Exercise brief:
Using only the entries below, output the lines starting at the one containing "the table is" and ending at the one containing "Maison kitsune hoodie", exactly and inclusive of both, omitting the pictures.

══ Records provided ══

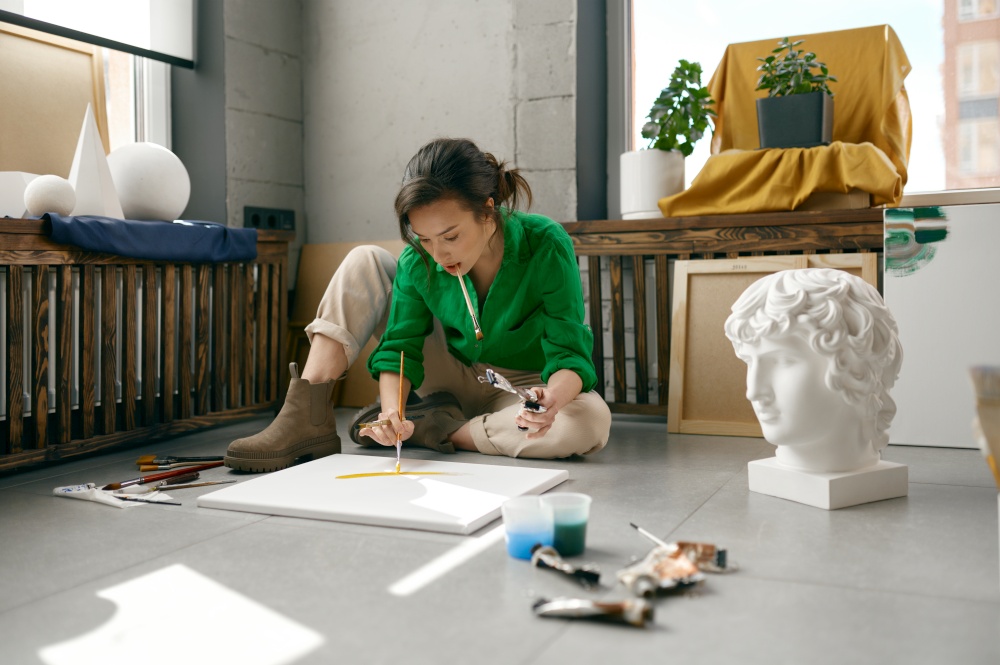 Pretty young female artist drawing picture on canvas with oil paints sitting on floor in her own art studio. Creativity in work and contemporary creative painter concept. Young female artist drawing picture sitting on floor in her own art studio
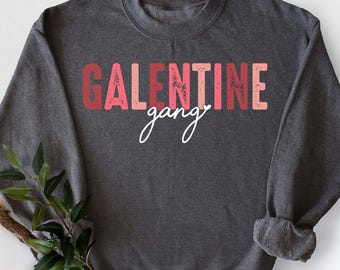 May include: Dark gray sweatshirt with the text "GALENTINE gang" in red and pink letters. The word "gang" is in a handwritten font. A sprig of greenery is draped on the bottom left.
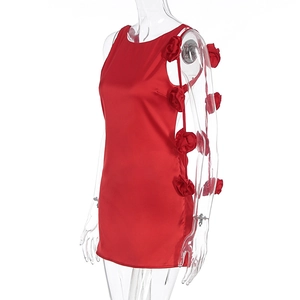 Detail of red satin mini dress featuring 3D handmade roses and side slit design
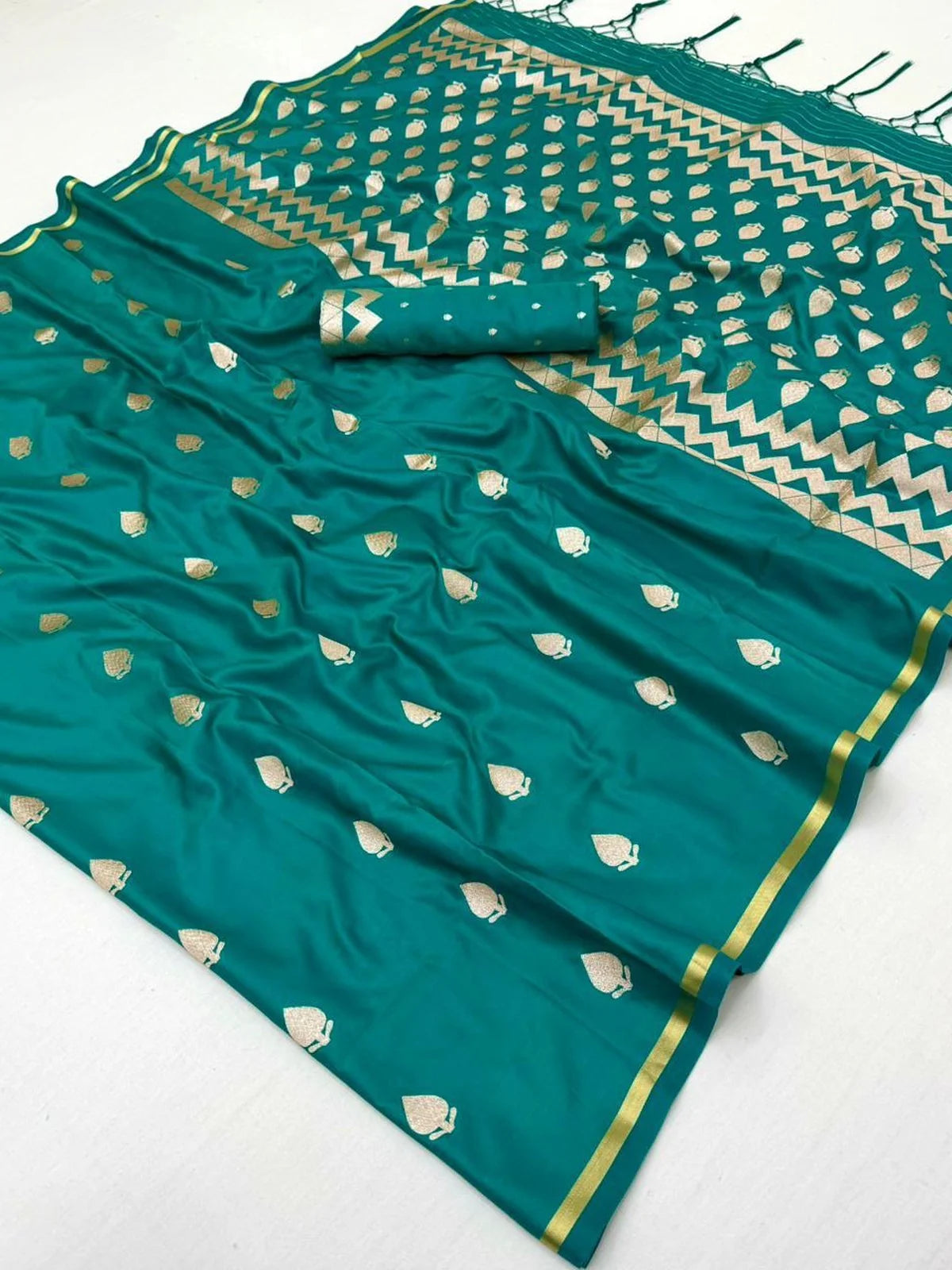 Tarani teal green satin saree pallu view with woven motifs tassels and elegant border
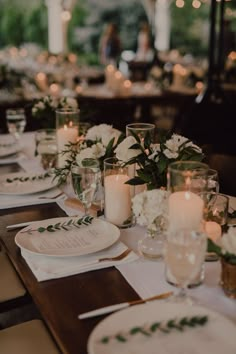 the table is set with white flowers and candles for an elegant dinner party or wedding reception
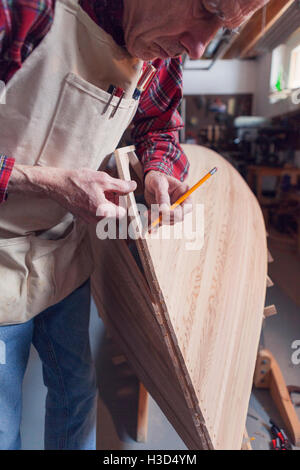 Senior man using pencil on wooden boat in workshop Stock Photo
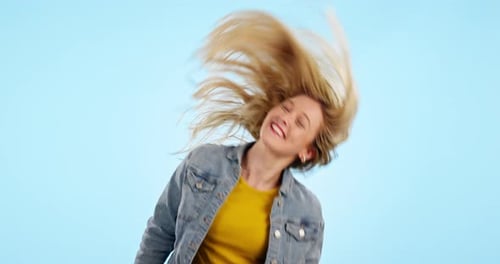 Happy, woman and whip hair in studio isolated on a blue background for natural beauty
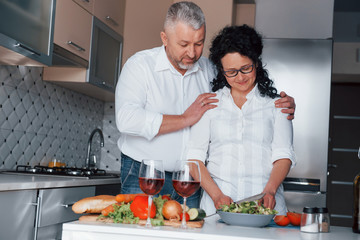 Happy together. Man and his wife in white shirt preparing food on the kitchen using vegetables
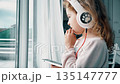 Child listening to music with headphones at home by window 135147777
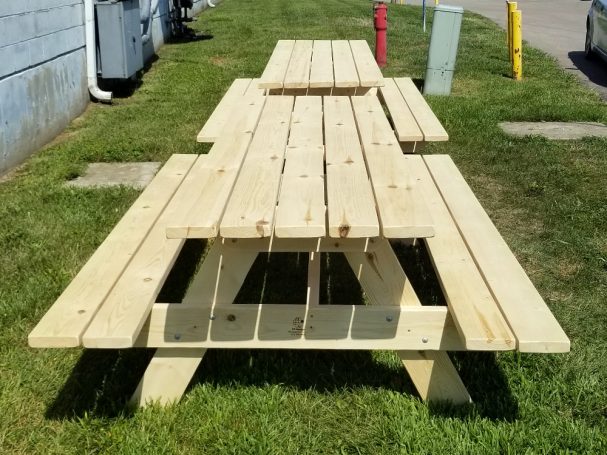 Two Large Commercial quality eco-friendly Outdoor Attached Bench Picnic Tables from the front in a break area.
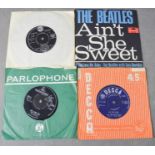 Four 7" singles; The Beatles She Loves You, The Beatles Ain't She Sweet, Elvis Presley Lonely Man,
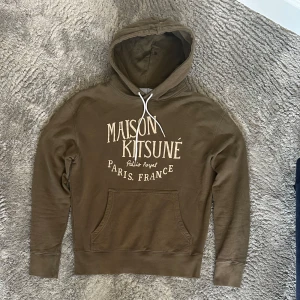 Maison kitsune hoodie - Säljer en snygg mörkgrön/brun hoodie från Maison kitsuné. Den är i bra skick och har inga defekter. Är öppen för byten✅Hör av er vid minsta fundering🙂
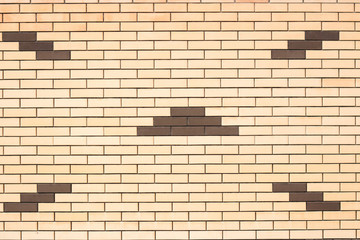 Texture of a wall of yellow brick with a pattern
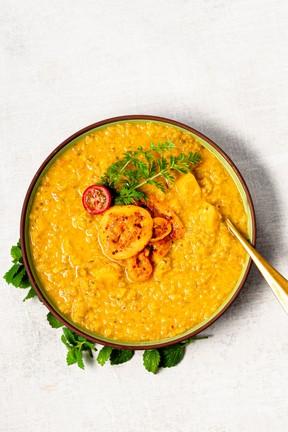 Squash and Red Lentil Curry is a mild curry that can go with rice, roasted cauliflower, chutney or even a pickle.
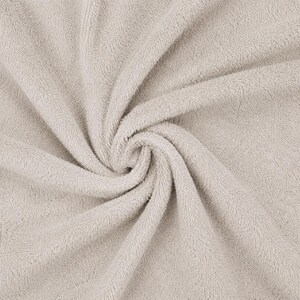 May include: A light beige towel featuring a dense, soft, and absorbent terry cloth texture. The fabric is arranged in a swirling, gathered pattern that highlights the looped pile construction and the consistent neutral color throughout the material.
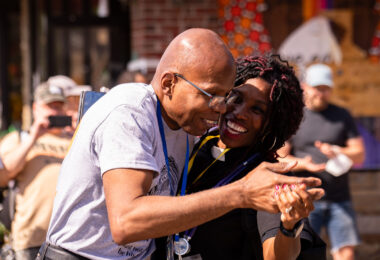 A community medic dances with one of George Floyd's family members on the 1-year anniversary of his murder.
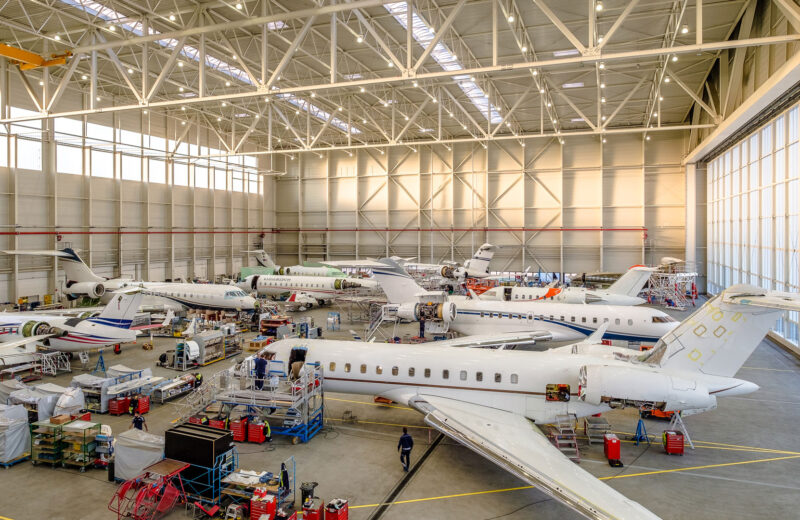 A picture of a hangar with private jets.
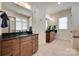 Bathroom features a double sink vanity, tile floors, and mirrors at 18311 Rosapenny Rd, Charlotte, NC 28278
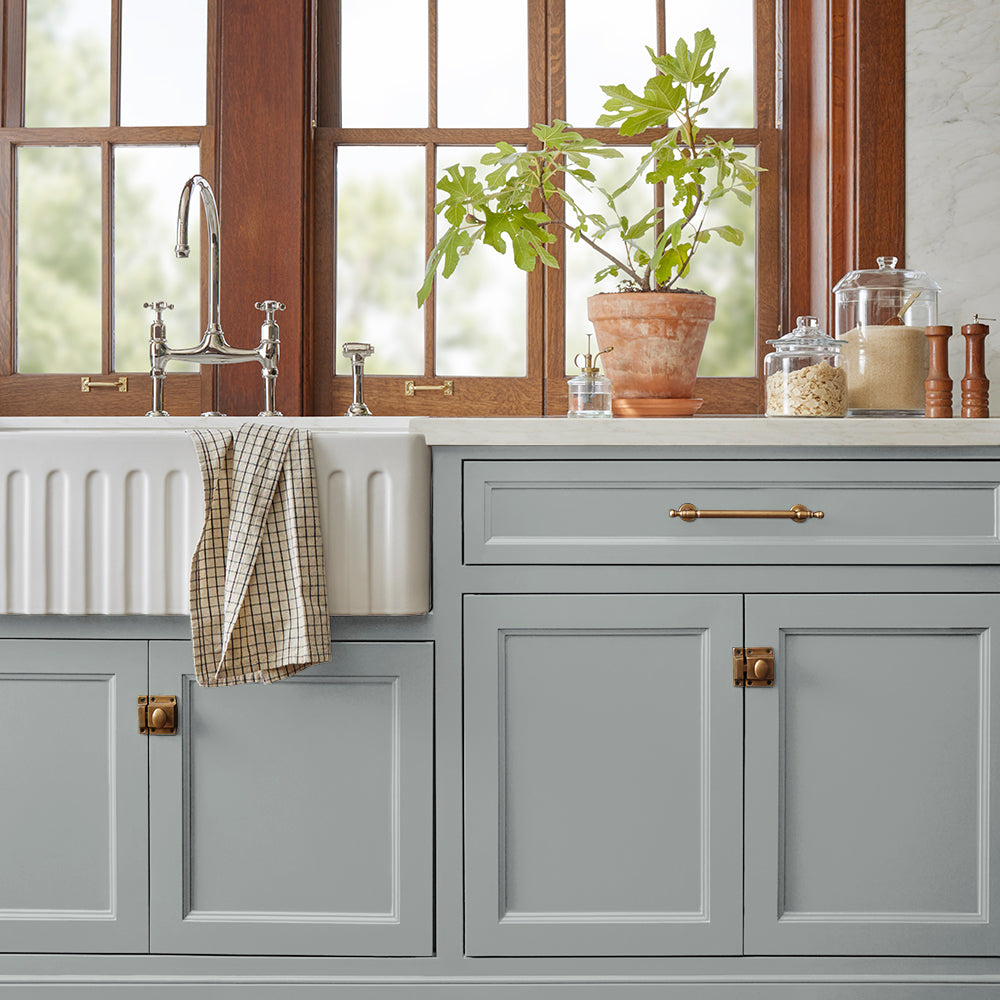 neutral grey with a tinge of blue paint color named tranquil waters shown painted on kitchen cabinets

═══

Problem solution:
 the table is set with white flowers and candles for an elegant dinner party or wedding reception
 Senior man using pencil on wooden boat in workshop Stock Photo
 Happy, woman and whip hair in studio isolated on a blue background for natural beauty
 Happy together. Man and his wife in white shirt preparing food on the kitchen using vegetables
 Child listening to music with headphones at home by window 135147777
 Two Large Commercial quality eco-friendly Outdoor Attached Bench Picnic Tables from the front in a break area.
 Four 7" singles; The Beatles She Loves You, The Beatles Ain't She Sweet, Elvis Presley Lonely Man,
 Maison kitsune hoodie - Säljer en snygg mörkgrön/brun hoodie från Maison kitsuné. Den är i bra skick och har inga defekter. Är öppen för byten✅Hör av er vid minsta fundering🙂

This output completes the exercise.